Fountains and Gardens of Khuiratta
Khuiratta is situated in Kotli district, just 7 km away from the Line of Control. Khuiratta and its surrounding areas are very popular among local tourists, with the shrine of Mai Totti Sahiba a venue for an annual three-day fair. People from Kotli and other adjoining districts attend the festival in spring to watch sports, animal parades and horticultural displays. The area has a number of natural springs and waterfalls. It is believed to have been an important place of worship for Hindus during ancient times.
Red Fort, Muzaffarabad
Known among the locals as Rutta Qila or just qila, this site in Muzaffarabad was built by the Chak rulers, who anticipated threat to the city from the Mughals. The construction began in 1559. However, the Mughals annexed Kashmir in 1587, and the fort lost its importance. Later, its construction was completed in 1646 by Muzaffar Khan of the Bomba Dynasty, the founder of Muzaffarabad. Its architecture shows great craftsmanship, but most of the fort’s relics were stolen and a large portion was destroyed during the 2005 earthquake.
Located on a hilltop on the banks of the Mangla Dam lake, the fort is accessible through boat from Dina town, or an 80-km road trip from Mirpur. The three sides of the hilltop are surrounded by the Jhelum River, which falls into the huge reservoir of Mangla Dam. It was built in the 16-17th century by a Gakhar named Toglu as recorded by traveller and geologist Frederick Drew in his book. Gakhars were a clan from the region renowned for their skill in building forts and fortified cities.

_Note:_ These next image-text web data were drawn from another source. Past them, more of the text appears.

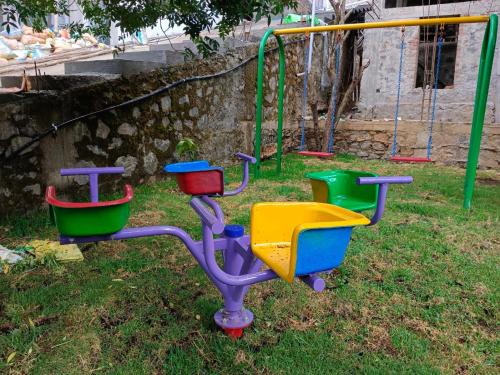 Zona de juegos infantil en Misty Valley Inn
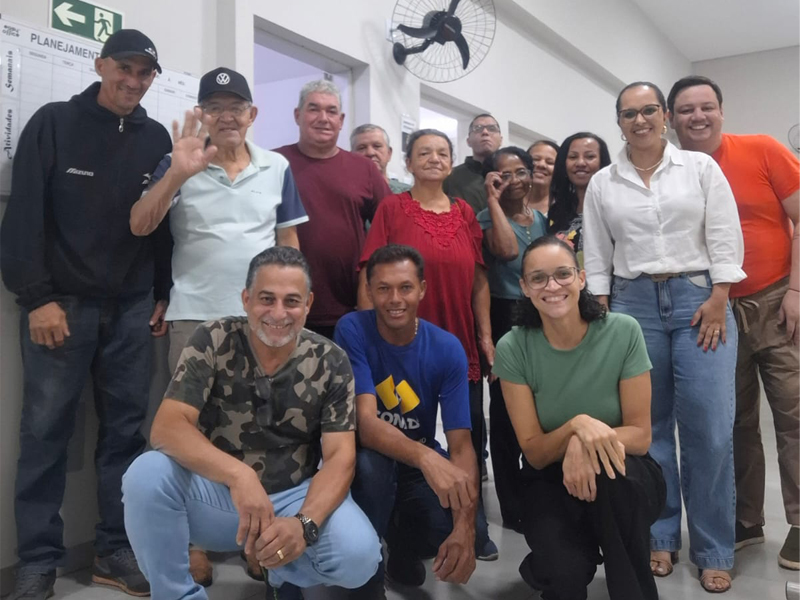 Alunos da EJA de Assis vivenciam a Ciência na prática em aula especial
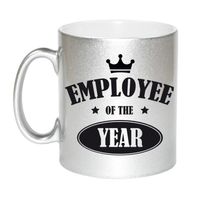 1x stuks collega cadeau mok / beker zilver employee of the year - thumbnail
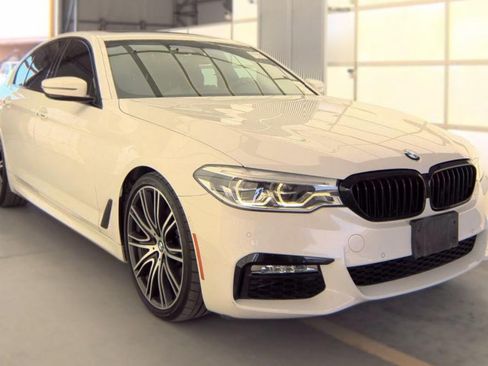 Used 2017 BMW 540i RWD image 2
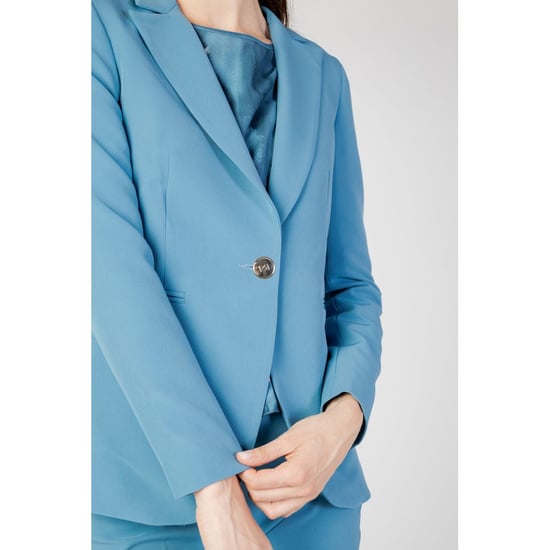 Blazer Ajustado Azul Claro - Image 5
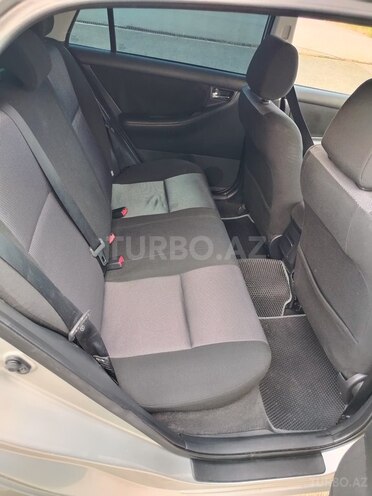 Toyota Corolla-7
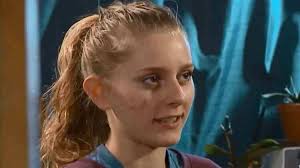 Los recuerdos de Caitlin se borran cada noche mientras duerme a causa de  una lesión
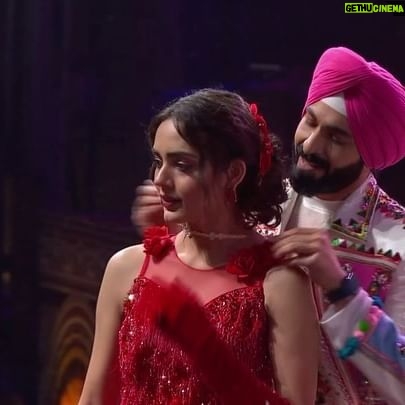 Himanshi Parashar - 42.1K Likes - Aapke favourite Star Parivaar ke qirdaaron ka performance hoga dumdaar aur saath hi hoga pyaar ka izhaar! 😍
Dekhiyega zaroor, #StarParivaarAwards2023, iss Ravivaar yaani 1st October, shaam 7 baje, StarPlus aur Disney Hotstar par.
@vijayendrakumeria @himanshiparashar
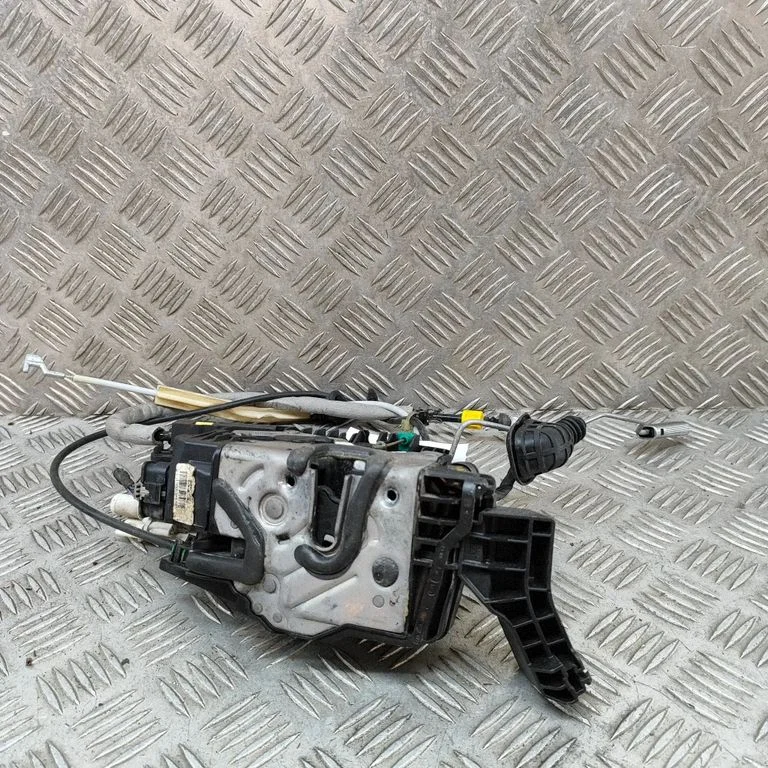 Priekšējo durvju slēdzene A2227601600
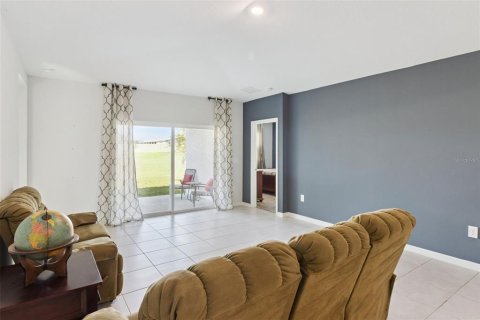 House in Haines City, Florida 4 bedrooms, 200.67 sq.m. № 2112449 - photo 9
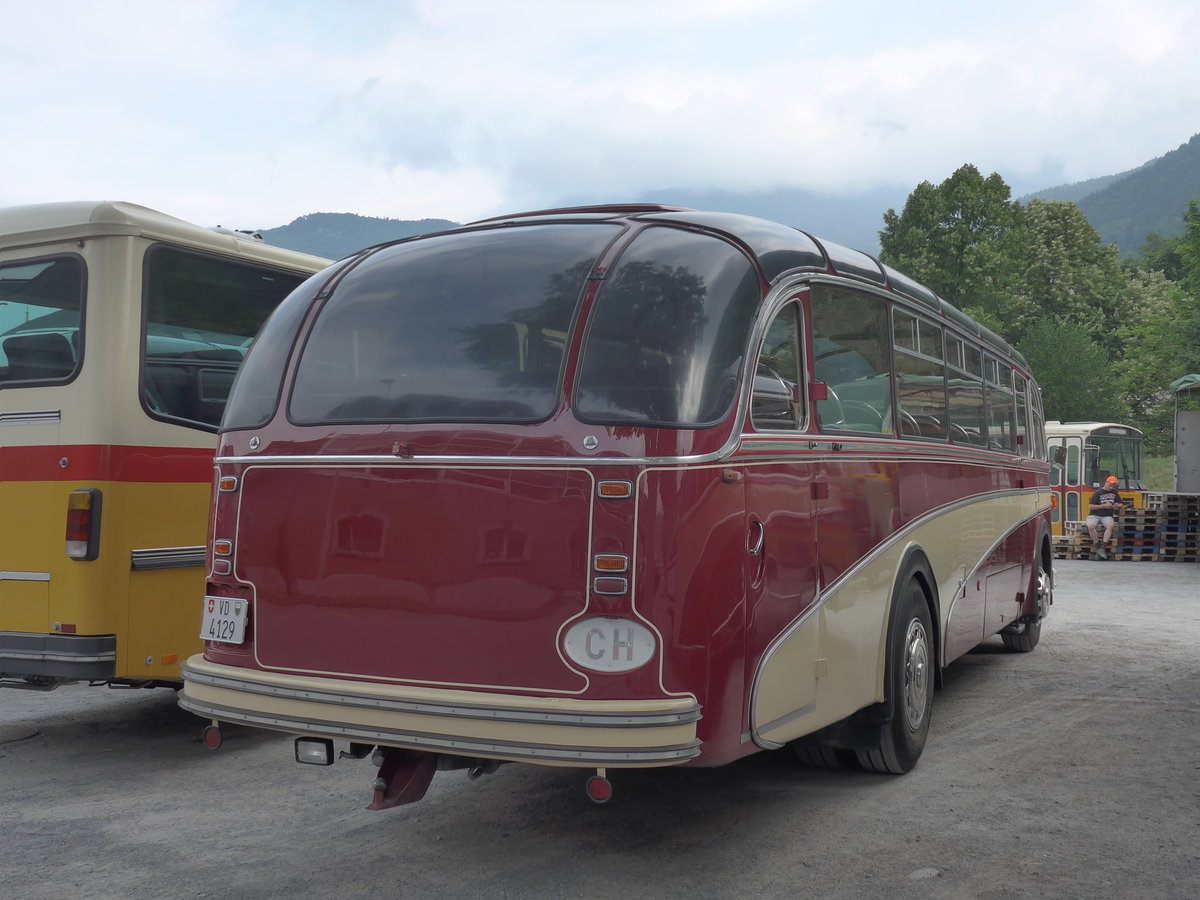 (181'298) - Riviera Carburant Lavage, St-Lgier - VD 4129 - FBW/R&J (ex Siegenthaler, Grnenmatt; ex Heini, Zrich; ex TSG Blumenstein Nr. 1) am 24. Juni 2017 in Aigle, Saurertreffen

The much-revered Hindu temple, located in the Neelum Valley, is an ancient centre of learning dedicated to the Hindu goddess Sharada. There used to be an annual pilgrimage by Kashmiri Pandits to Sharada Peeth, but it was stopped after Independence. In fact, at the inauguration of the exhibition at the NMA, Minister of State in Prime Minister’s Office, Jitendra Singh, said, “Like (in the case of) Kartarpur, ministries concerned will take up the issue with Pakistan to see if this yatra can be resumed.” The temple-university played a key role in the popularisation of the Sharada script in North India, and Kashmir was sometimes called Sharada Desh because of its influence as a centre of learning. Its origins are uncertain — while some historians believe it was built under the Kushan Empire in the first century, others say it was built by Lalitaditya of the Karkota dynasty.